In my dataframe, the names of the columns are prefixed based on the type of variable (inflow, outflow, or net flow), followed by the year, i.e. inflows_2011_12. In the function, I subset the dataframe by selecting columns that start with the variable I want. I have to deal with different issues based on whether I’m looking at counties or metro areas, and I need to get rid of any IDs that are for summary values like the non-metro areas; these IDS are stored in a list called suppressed, and the ~df.indexisin(suppressed) is pandaesque for taking anything that’s not in this list (the tilde acts as not). Then, I select the top or bottom values for each year, and append them to lists in a nested list (each sub-list represents the top / bottom N places in order for a given year). Next, I get the labels I want by creating a dictionary that relates all ID codes to label names, pull out the labels for the actual N values that I have, and format them before appending them to lists in a nested list. For example, the metro labels are really long and won’t fit in the chart, so I split them and grab just the first piece: Albany-Schenectady-Troy, NY becomes Albany (split using the dash) while Akron, OH becomes Akron (if no dash is present, split at comma). At the end, I use np.array to turn the nested lists into arrays, and transpose (T) them so rows become ranks and years become values.
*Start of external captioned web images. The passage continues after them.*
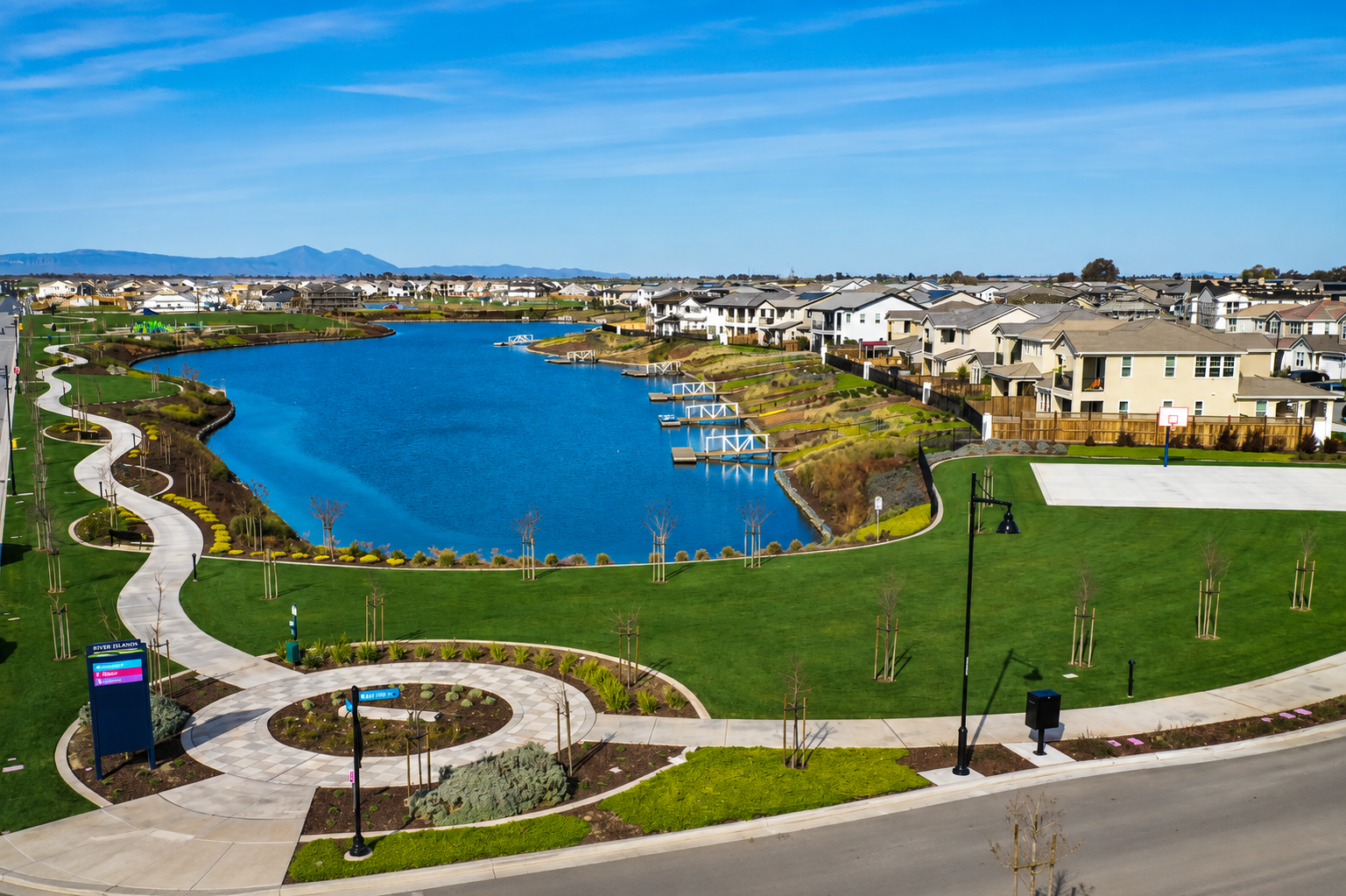 The lake at River Islands, ringed by walking paths, lawn, private docks, and homes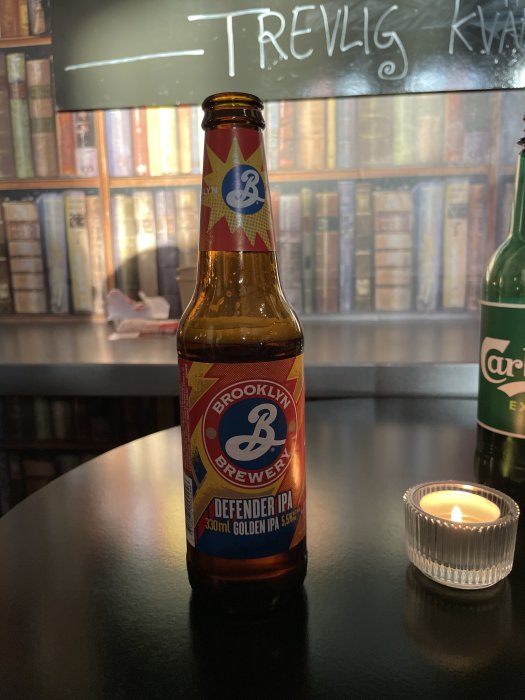 En ölflaska från Brooklyn Brewery på ett bord, bredvid ett tändljus, med bokhylla i bakgrunden.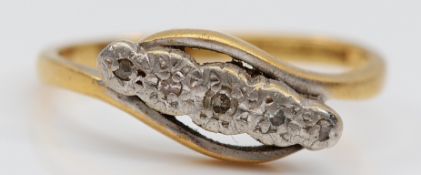An 18ct gold and platinum single cut diamond five stone ring, shank has been cut, L, 2.7g
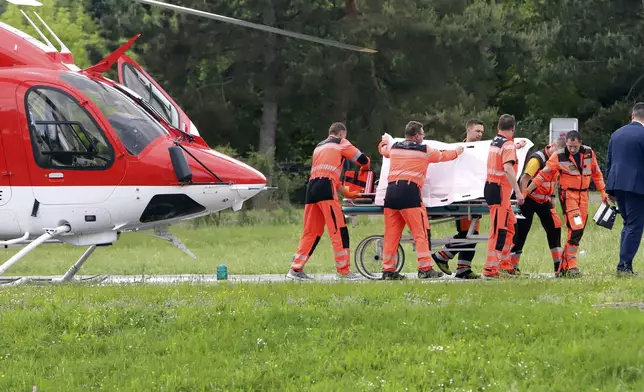 Rescue workers wheel Slovak Prime Minister Robert Fico, who was shot and injured, to a hospital in the town of Banska Bystrica, central Slovakia, Wednesday, May 15, 2024. Slovakia’s populist Prime Minister Robert Fico is in life-threatening condition after being wounded in a shooting Wednesday afternoon, according to his Facebook profile. (Jan Kroslak/TASR via AP)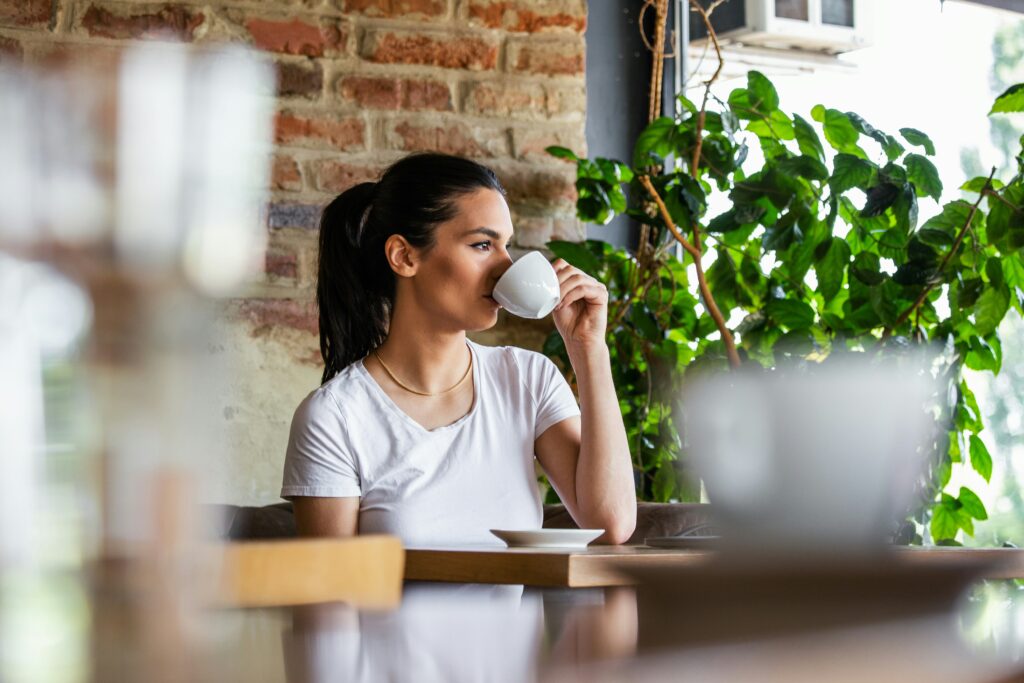 Woman sitting alone at a café table drinking coffee and looking out the window, lost in thought after returning home from living abroad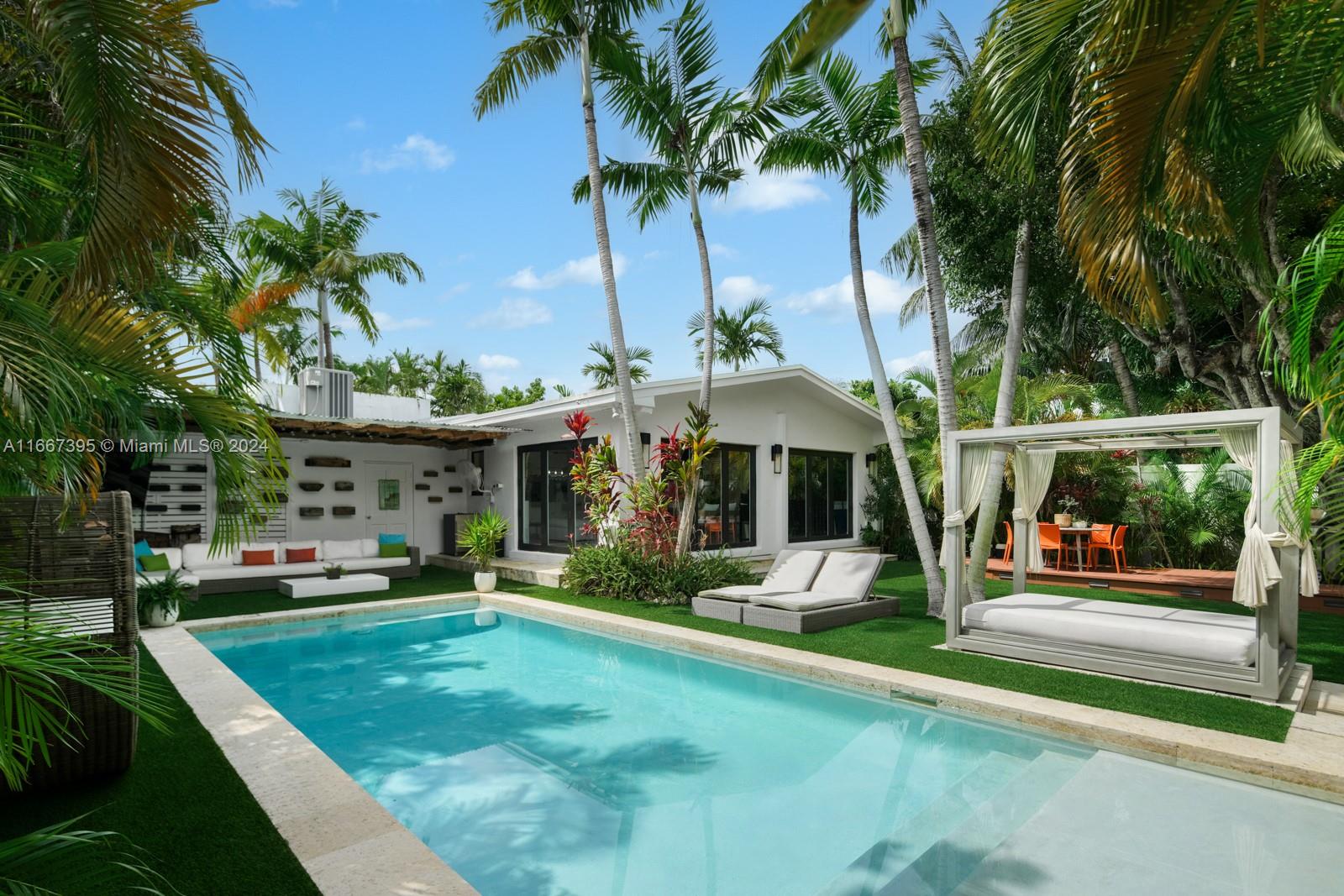 a view of a house with backyard porch and sitting area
The result is below:

ID Array
Function and Result for Creating Array of IDs Top N Places
# Create array of top N geographies by flow type, with rows as ranks and columns as years
# Returns 2 arrays with values for geographies (id codes) and place names
# Must specify: number of places to rank, counties or metros, or sort by largest or smallest (True or False)
def create_arrays(df,flowtype,nsize,gtype,largest):
    geogs=[]
    cols=[c for c in df if c.startswith(flowtype)]
    for c in cols:
        if gtype=='counties':
            row=df.loc[~df.index.isin(suppressed),[c]]
        elif gtype=='metros':
            row=df.loc[~df.index.isin(msuppressed),[c]]
        if largest is True:
            row=row[c].nlargest(nsize)
        elif largest is False:
            row=row[c].nsmallest(nsize)
        idxs=list(row.index)
        geogs.append(idxs)

    if gtype=='counties':
        fips=df.to_dict()['co_name']
    elif gtype=='metros':
        fips=df.to_dict()['mname']
    labels=[]
    for row in geogs:
        line=[]
        for uid in row:
            if gtype=='counties':
                if fips[uid]=='District of Columbia, DC':
                    line.append('Washington\n DC')
                else:
                    line.append(fips[uid].replace('County, ','\n')) #creates short labels
            elif gtype=='metros':
                if '-' in fips[uid]:
                    line.append(fips[uid].split('-')[0]) #creates short labels
                else:
                    line.append(fips[uid].split(',')[0])
        labels.append(line)

    a_geogs=np.array(geogs).T
    a_labels=np.array(labels).T

    return a_geogs, a_labels

Change in Rank Array

Using the array of geographic ID codes, I can feed this into function number two to create a new array that indicates change in rank over time. It’s better to use the ID code array as we guarantee that the IDs are unique; labels (place names) may not be unique and pose all kinds of formatting issues. All places are assigned a value of 0 for the first year, as there is no previous year to compare them to. Then, for each subsequent year, we look at each value (ID code) and compare it to the value in the same position (rank) in the previous column (year). If the value is the same, that place holds the same rank and is assigned a 0. Otherwise, if it’s different we look at the new value and see what position it was in in the previous year. If it was in a higher position last year, then it has declined and we assign -1. If it was in a lower position last year or was not in the array in that column (i.e. below the top 10 in that year) it has increased and we assign it a value of 1. This result is shown below:

Rank Change Array
Function and Result for Creating Change in Rank Array
# Create array showing how top N geographies have changed ranks over time, with rows as rank changes and
# columns as years. Returns 1 array with values: 0 (no change), 1 (increased rank), and -1 (descreased rank)
def rank_change(geoarray):
    rowcount=geoarray.shape[0]
    colcount=geoarray.shape[1]

    # Create a number of blank lists
    changelist = [[] for _ in range(rowcount)]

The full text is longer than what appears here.